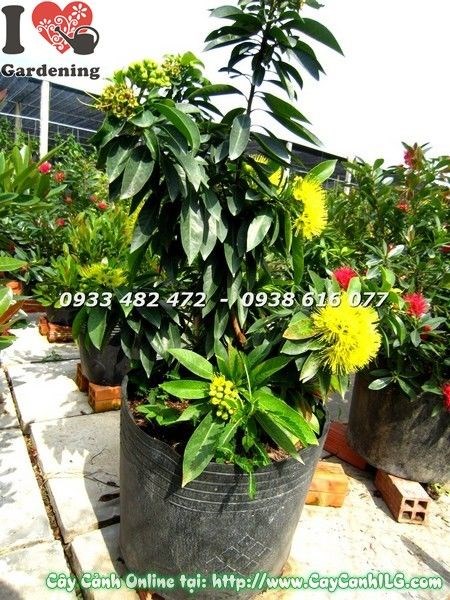 Cây mai thái vàng tạo dáng đẹp trang trí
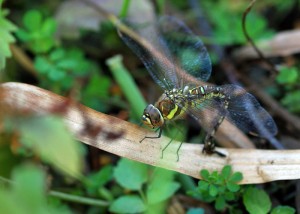 Ovipositing Female Migrant Hawker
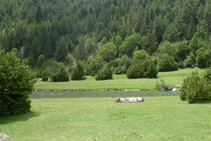 Prados en la orilla del río Ara.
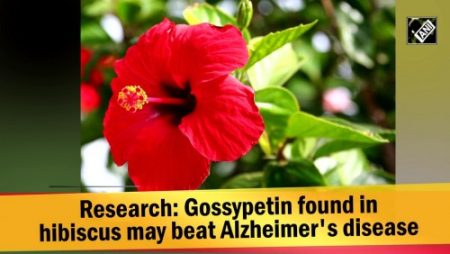 Gossypetin found in hibiscus may beat Alzheimer's disease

++++++++

**Task**: Write out all of the data above exactly, without any of its pictures.

**Answer to this problem**:
 Cây mai thái vàng tạo dáng đẹp trang trí
 Ovipositing Female Migrant Hawker
 Prados en la orilla del río Ara.
 Gossypetin found in hibiscus may beat Alzheimer's disease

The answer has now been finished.